● Source material:
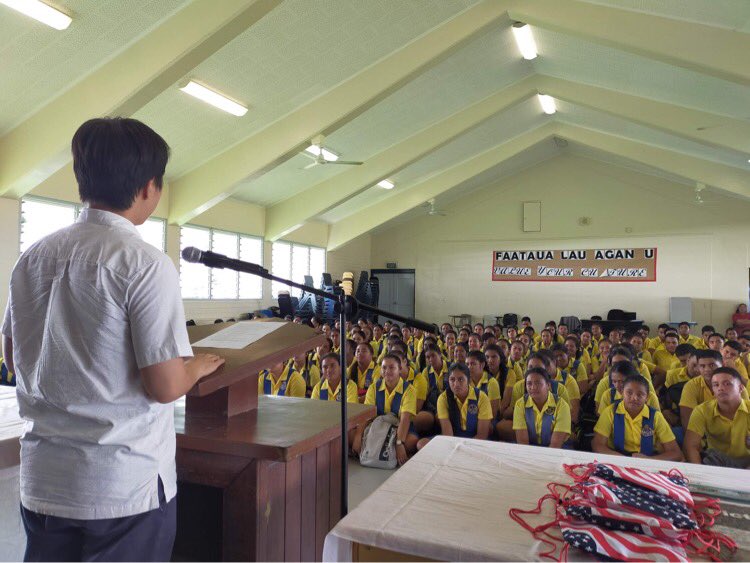 American diplomat urges Savai'i students to "think big"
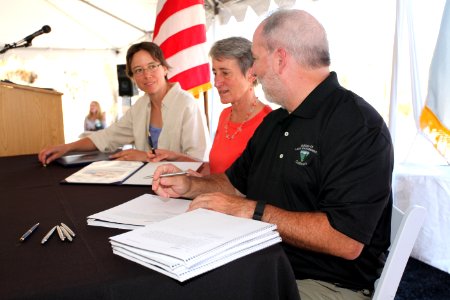 Interior Secretary Jewell, State of California Announce Landmark Renewable Energy, Conservation Plan for 10 Million Acres of California Desert on September 14, 2016 photo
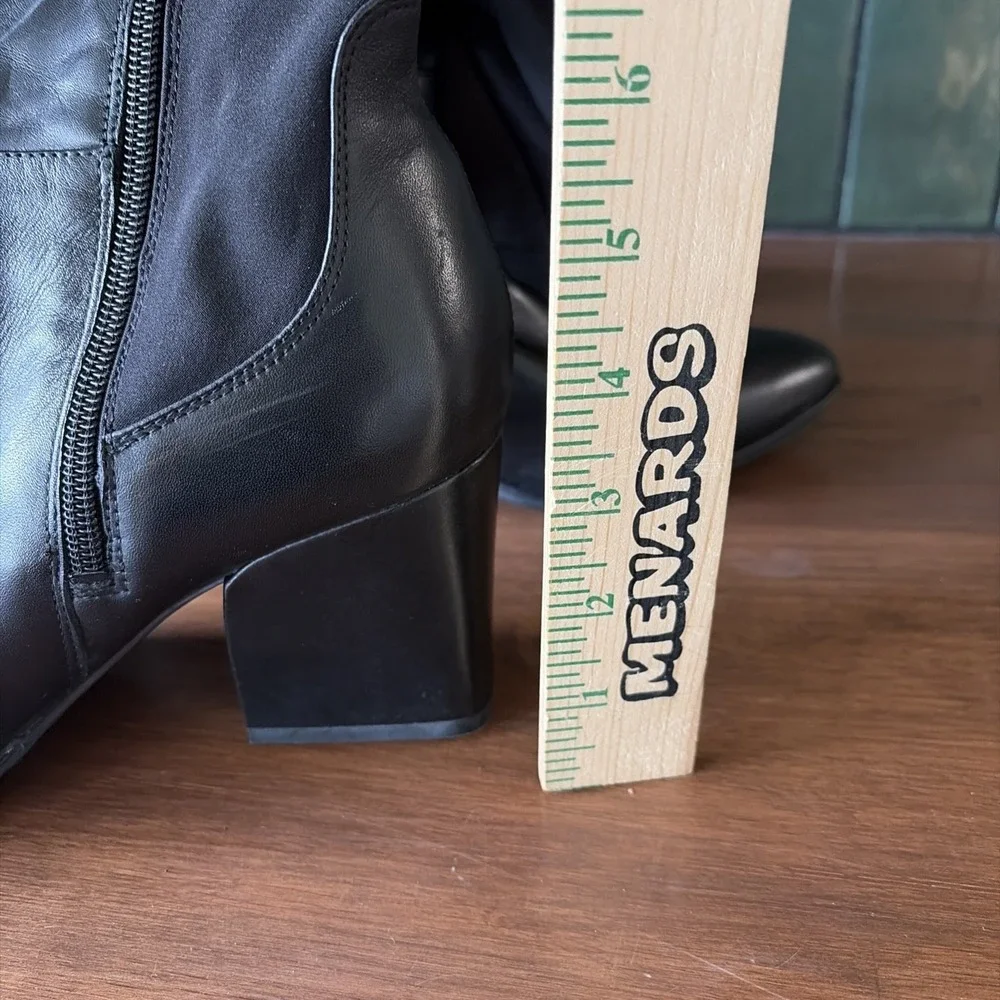 Marc Fisher Women's Leather Boots Size 10 Black Heel To The Knee Tall Read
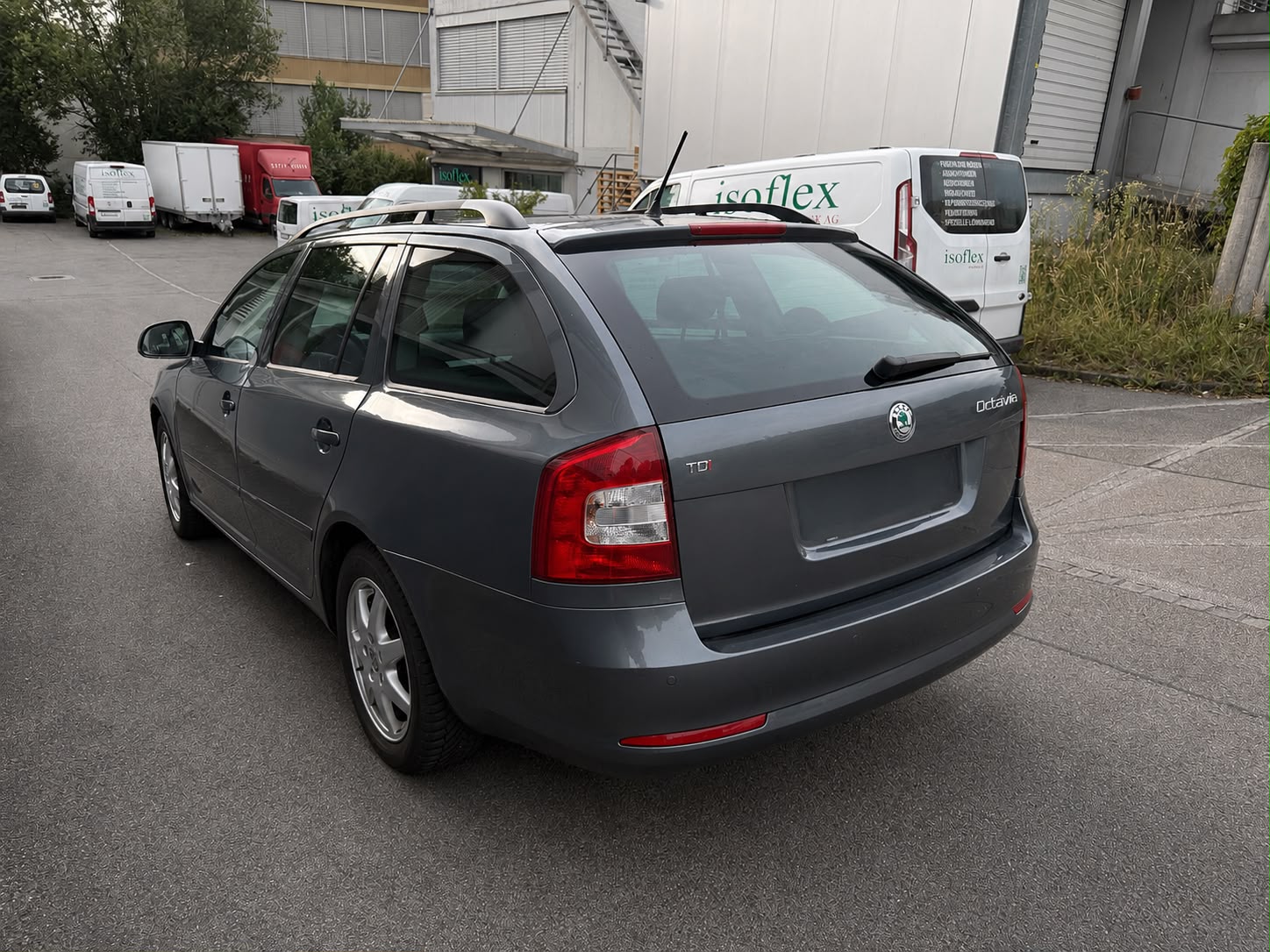 SKODA Octavia 2.0 TDI Elegance DSG-image-6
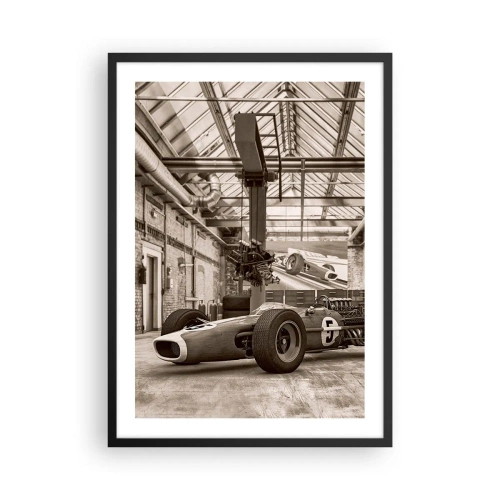 Affisch i svart ram - Ikonisk racerbil i industriell interiör - 50x70cm - Segrarens vila - Modern väggdekoration för vardagsrum och sovrum ARTTOR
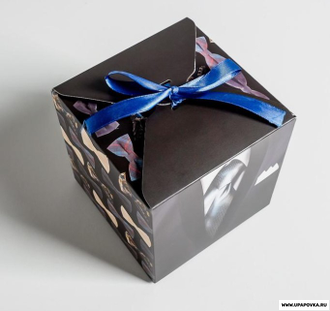 Коробка подарочная «Джентльмену» 12 x 12 x 12 см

● Work instruction:
Could the entries above be printed again exactly, apart from the pictures?

● Solution below:
 American diplomat urges Savai'i students to "think big"
 Interior Secretary Jewell, State of California Announce Landmark Renewable Energy, Conservation Plan for 10 Million Acres of California Desert on September 14, 2016 photo
 Marc Fisher Women's Leather Boots Size 10 Black Heel To The Knee Tall Read
 SKODA Octavia 2.0 TDI Elegance DSG-image-6
 Affisch i svart ram - Ikonisk racerbil i industriell interiör - 50x70cm - Segrarens vila - Modern väggdekoration för vardagsrum och sovrum ARTTOR
 Коробка подарочная «Джентльмену» 12 x 12 x 12 см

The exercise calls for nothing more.